─── Data records ───

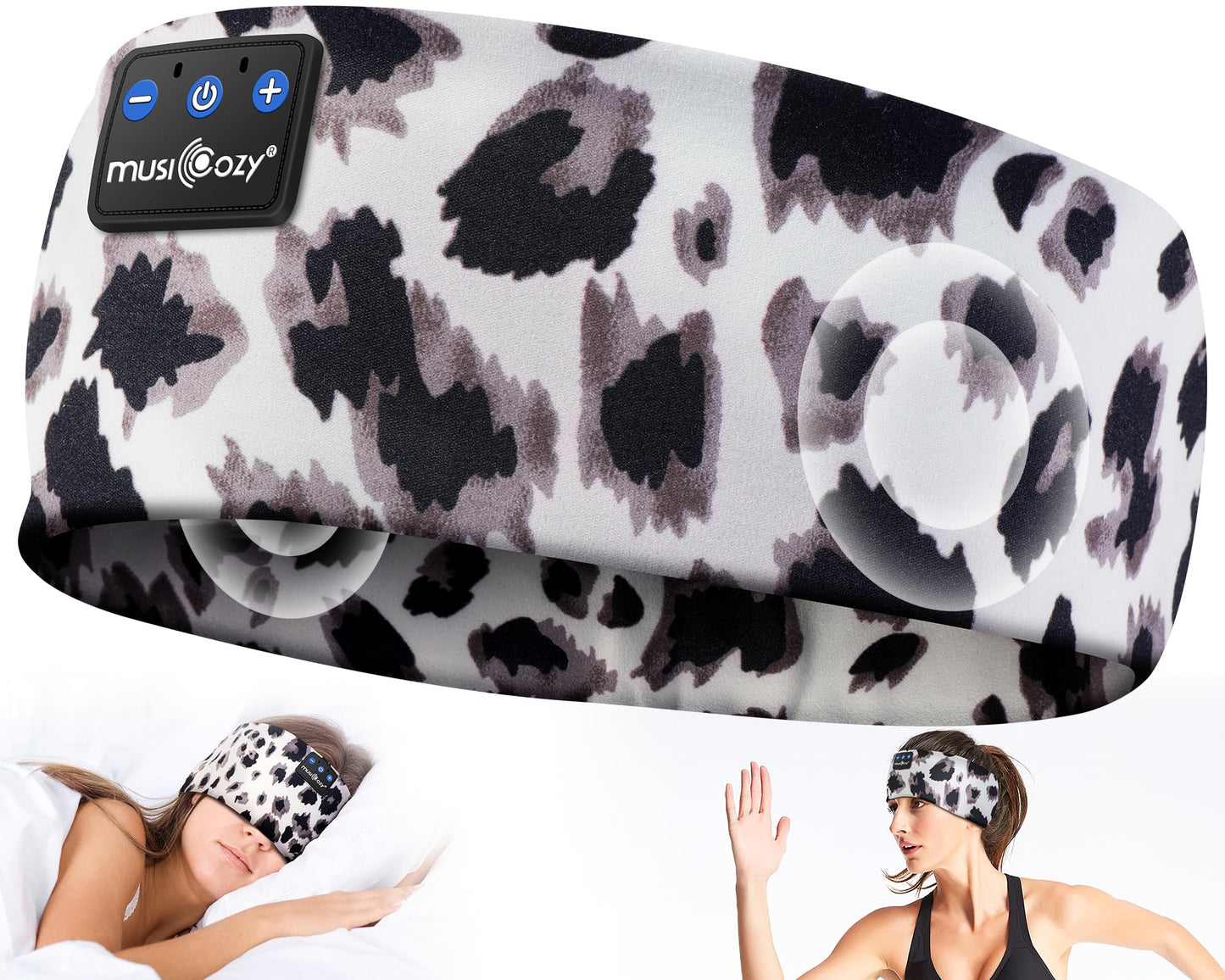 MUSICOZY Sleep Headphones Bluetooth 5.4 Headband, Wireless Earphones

───
─── Data records ───

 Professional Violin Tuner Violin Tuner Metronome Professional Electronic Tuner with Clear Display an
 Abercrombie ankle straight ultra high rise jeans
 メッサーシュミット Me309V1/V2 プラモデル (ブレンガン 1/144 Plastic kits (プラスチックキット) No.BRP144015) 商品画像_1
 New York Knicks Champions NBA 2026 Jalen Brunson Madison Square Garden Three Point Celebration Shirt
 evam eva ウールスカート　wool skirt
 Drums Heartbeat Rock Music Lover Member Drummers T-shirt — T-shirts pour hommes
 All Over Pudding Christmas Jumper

───

Exercise goal:
The response should be the listing above, limited to the lines between the one holding "Abercrombie ankle straight" and the one holding "All Over Pudding Christmas Jumper", inclusive, reproduced exactly.

The answer:
 Abercrombie ankle straight ultra high rise jeans
 メッサーシュミット Me309V1/V2 プラモデル (ブレンガン 1/144 Plastic kits (プラスチックキット) No.BRP144015) 商品画像_1
 New York Knicks Champions NBA 2026 Jalen Brunson Madison Square Garden Three Point Celebration Shirt
 evam eva ウールスカート　wool skirt
 Drums Heartbeat Rock Music Lover Member Drummers T-shirt — T-shirts pour hommes
 All Over Pudding Christmas Jumper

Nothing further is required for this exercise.